## Required action
Retrieve all lines below that have the string "point".

[Data to examine Boundary: Start]

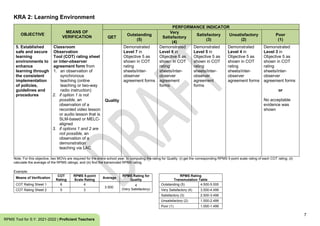 7
RPMS Tool for S.Y. 2021-2022 | Proficient Teachers
KRA 2: Learning Environment
OBJECTIVE
MEANS OF
VERIFICATION
PERFORMANCE INDICATOR
QET
Outstanding
(5)
Very
Satisfactory
(4)
Satisfactory
(3)
Unsatisfactory
(2)
Poor
(1)
5. Established
safe and secure
learning
environments to
enhance
learning through
the consistent
implementation
of policies,
guidelines and
procedures
Classroom
Observation
Tool (COT) rating sheet
or inter-observer
agreement form from
1. an observation of
synchronous
teaching (online
teaching or two-way
radio instruction)
2. if option 1 is not
possible, an
observation of a
recorded video lesson
or audio lesson that is
SLM-based or MELC-
aligned
3. if options 1 and 2 are
not possible, an
observation of a
demonstration
teaching via LAC
Quality
Demonstrated
Level 7 in
Objective 5 as
shown in COT
rating
sheets/inter-
observer
agreement forms
Demonstrated
Level 6 in
Objective 5 as
shown in COT
rating
sheets/inter-
observer
agreement
forms
Demonstrated
Level 5 in
Objective 5 as
shown in COT
rating
sheets/inter-
observer
agreement
forms
Demonstrated
Level 4 in
Objective 5 as
shown in COT
rating
sheets/inter-
observer
agreement forms
Demonstrated
Level 3 in
Objective 5 as
shown in COT
rating
sheets/inter-
observer
agreement forms
or
No acceptable
evidence was
shown
Note: For this objective, two MOVs are required for the entire school year. In computing the rating for Quality: (i) get the corresponding RPMS 5-point scale rating of each COT rating; (ii)
calculate the average of the RPMS ratings; and (iii) find the transmuted RPMS rating.
Example:
Means of Verification
COT
Rating
RPMS 5-point
Scale Rating
Average
RPMS Rating for
Quality
RPMS Rating
Transmutation Table
COT Rating Sheet 1 6 4
3.500
4
(Very Satisfactory)
Outstanding (5) 4.500-5.000
COT Rating Sheet 2 5 3 Very Satisfactory (4) 3.500-4.499
Satisfactory (3) 2.500-3.499
Unsatisfactory (2) 1.500-2.499
Poor (1) 1.000-1.499
 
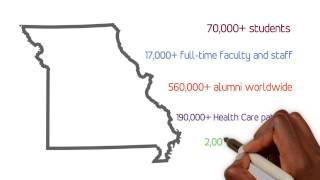 UM System at a Glance: Our Structure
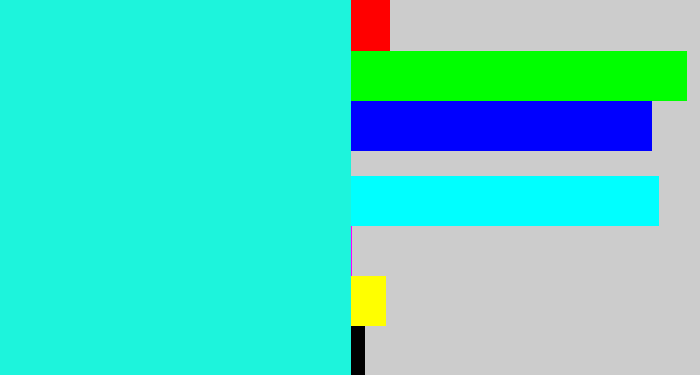 Hex color #1df4dc - bright aqua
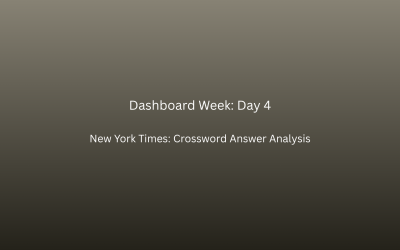 Dashboard Week – Day 4: Crosswords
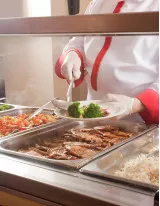 Global Catering Services Market by Service, Application and Geography - Forecast and Analysis 2023-2027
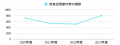 物価高騰の苦境でも“MEO対策”で集客V字回復！
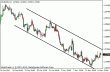 eurusd 15112012-2.gif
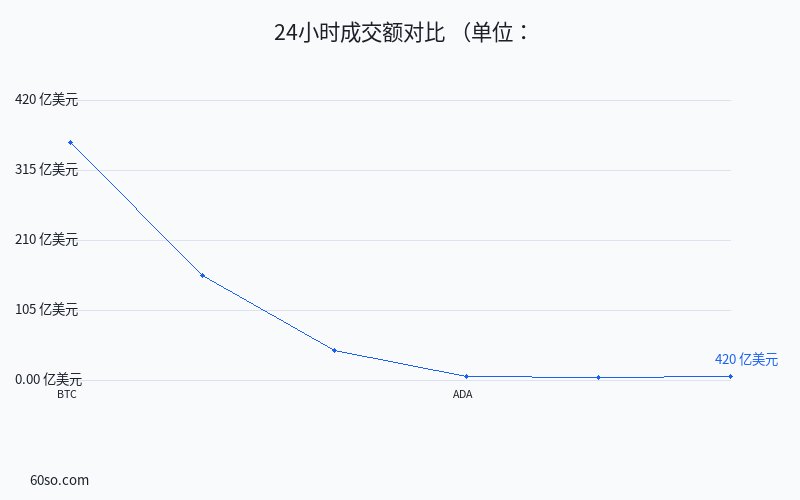 24小时成交额对比
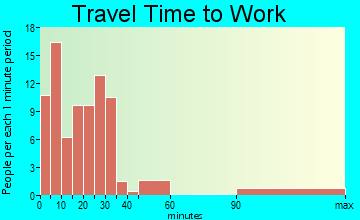 Paullina travel time to work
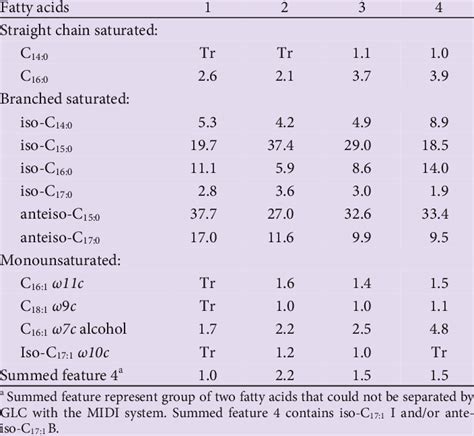 Cellular Fatty Acid Compositions Of Strain Kjw98 T And Type Strains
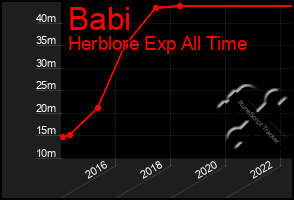 Total Graph of Babi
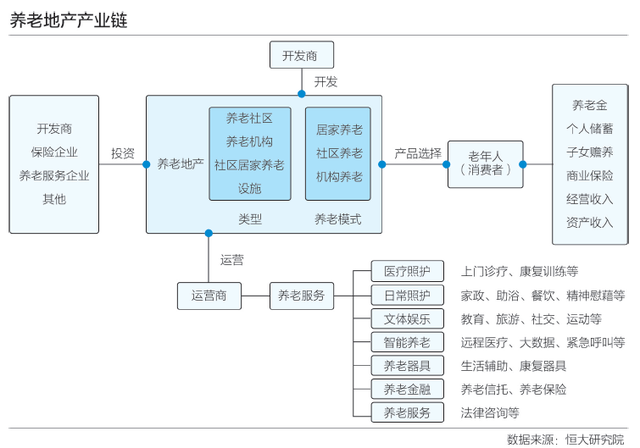 无锡太湖今夕延年护理院,无锡养老院,太湖新城养老院,无锡敬老院,无锡护理院,无锡康复院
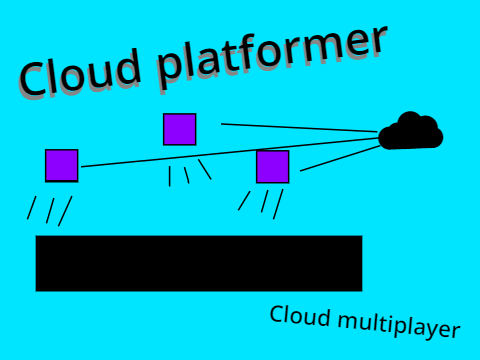☁ Cloud platformer - Cloud Multiplayer ☁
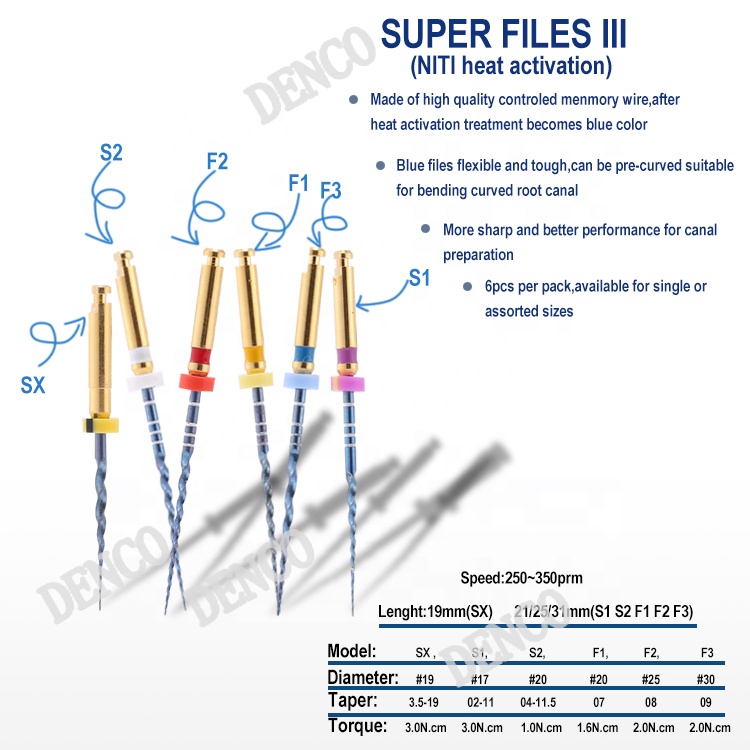 2020 DENCO Китай стоматологическое оборудование Супер Файлы III высокое качество NITI горячая Распродажа медицинский инструмент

[Data to examine Boundary: End]

## Answer for the task
Note: For this objective, two MOVs are required for the entire school year. In computing the rating for Quality: (i) get the corresponding RPMS 5-point scale rating of each COT rating; (ii)
RPMS 5-point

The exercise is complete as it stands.